Excerpt from the essay Tarot in Literature I
Translation revised by Michael S. Howard, Feb. 2012
For the occasion of research that aims to particularize the word Tarot in great Renaissance literary texts, after La Cassaria by Ariosto we come to the Dialogues of Tasso. Two of these are very important, both because the author cites the tarot, and also for understanding his feelings towards the game, fortune, love and other matters that he delineates with almost philosophical characteristics (An extensive discusion of this work is in an essay in Italian) (1).
Tasso was a great player and lover of tarot, so much so that he considered the game as an art: we are informed in one of his letters, of September 16th 1575, sent to “The very Magnificent Mr. Luca Scalabrino” in Rome. Writing about theatrical machines and other wonders, he concludes his letter in this way: “So this admirable and wonderful [thing] suits every part of the epic poem, in which, however, that which treats of errors is necessary, on which I will write another time, since now I’m tired and I want to play tarot, an art in which for me is more success than the poetic one” (2).
Tasso wrote the two dialogues about the game with one year between them: Il Romeo, o‘ vero del Giuoco (The Romeo, or about the game), composed during his first year of imprisonment, appeared in the Parte prima delle Rime del signor Torquato Tasso, insieme con altri componimenti del medesimo (First part of the Rhymes of Signor Torquato Tasso, together with other compositions by of the same)(Venice, Aldo Manuzio, 1580) while Il Gonzaga Secondo, o ‘ vero del Giuoco, dialogo del signor Torquato Tasso (The Second Gonzaga, or the Game, dialogue of Signor Torquato Tasso) was published separately in 1582 (Venice, Bernardo Giunti and brothers).
This second one, which is configured as a correction (it could be defined in this way) of the Romeo, was written by Tasso in Saint Anna Hospital in Ferrara in 1581, that is to say, one year after writing the Romeo, and it then was printed the next year. To these two dialogues we have dedicated a specific essay in the Italian version of the web site. For this English version we report the Matter of the Romeo and the passages in which the word “tarot” appears, and also the “Tarochi” version, which clearly show the attraction of Tasso for this game.

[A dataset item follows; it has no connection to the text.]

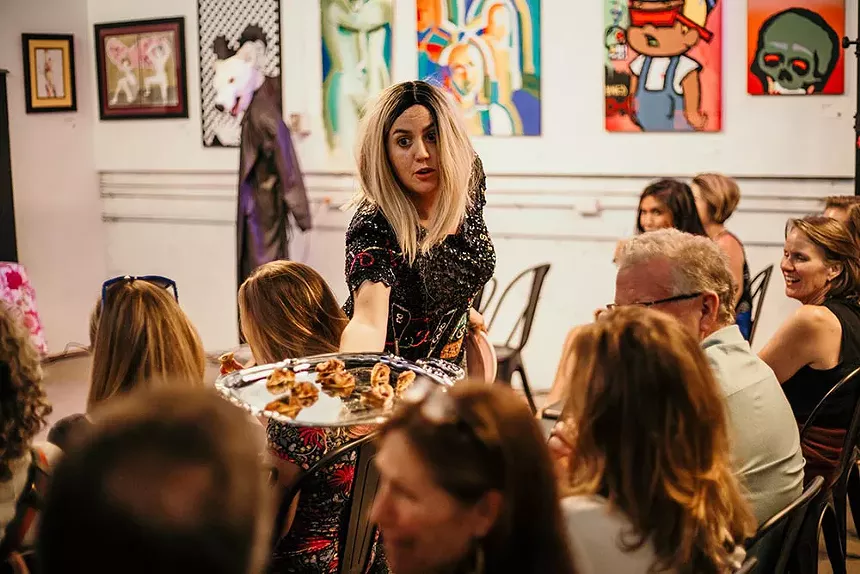 An immersive performer moves throughout the audience.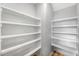 Walk-in pantry with wood-look floor and multiple shelves for ample storage at 108 Wilson Farm Ln, Clayton, NC 27527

Matter of the Romeo, or about the Game
At Carnival 1579 Count Annibale Romei, Ferrara Cavalier, and lover of every kind of game, but very acculturated and full of style, talked very much about the game, in the presence of Margherita Gonzaga, recently married to Alfonso II Este, and of the two princesses of Ferrara, Lucrezia and Eleonora. So the author pretends that Annibale Pocaterra, a young man studying philosophy, who had listened to that reasoning, finding himself in conversation with lady Margherita Bentivogli, talks to her of the games and to the degree that she asks, he explains the basic points of the discourse he heard. This is The Romeo, the summary of that conversation. It deals first with the pleasure obtaining from one game or another. And it deals also with chess, of its origin, and the study it requires: passing then to examine the word "Game", it can be seen that it has a double meaning, and it means not just victory and winning money or something strictly connected to money, but also the imitation of real things such as tournaments, assaults, and so on. Leaving aside this second way of games, we define the first, saying that it is a ingenious fight for fortune among two or more people, done for pleasure or entertainment of the soul, in which the last thing is money or measured by money. This definition is explained by showing how the player has to be honoured and has to be allowed to know clearly, in this kind of game, the role played by fortune and that played by ingenuity. Finally we talk about that mix of hope and fear that the player feels; and the conversation ends with some considerations about the sweetness of winning” (3).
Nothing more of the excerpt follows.